(DATA SHOWN)
▬▬▬▬▬▬▬▬▬▬

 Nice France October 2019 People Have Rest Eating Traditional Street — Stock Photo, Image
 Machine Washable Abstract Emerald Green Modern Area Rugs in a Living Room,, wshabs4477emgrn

▬▬▬▬▬▬▬▬▬▬

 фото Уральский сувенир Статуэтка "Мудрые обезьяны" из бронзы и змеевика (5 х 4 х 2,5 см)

▬▬▬▬▬▬▬▬▬▬

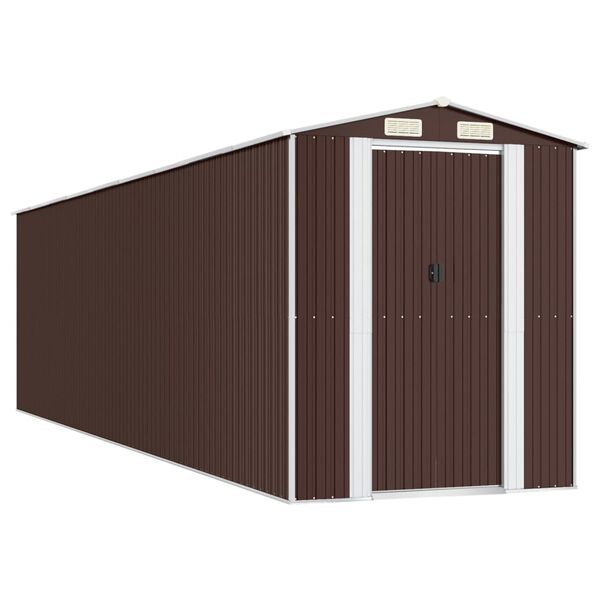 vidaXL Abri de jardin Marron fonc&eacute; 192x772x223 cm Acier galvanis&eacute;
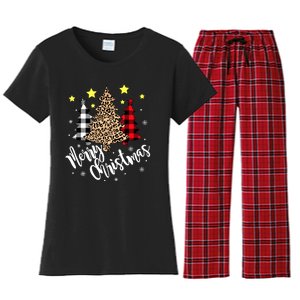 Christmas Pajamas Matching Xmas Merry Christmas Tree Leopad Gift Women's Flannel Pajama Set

▬▬▬▬▬▬▬▬▬▬

(REQUIRED WORK)
Retype, exactly and in full, the lines above from the one containing "Nice France October" through the one containing "Machine Washable Abstract".

(SOLUTION TO THE PROBLEM)
 Nice France October 2019 People Have Rest Eating Traditional Street — Stock Photo, Image
 Machine Washable Abstract Emerald Green Modern Area Rugs in a Living Room,, wshabs4477emgrn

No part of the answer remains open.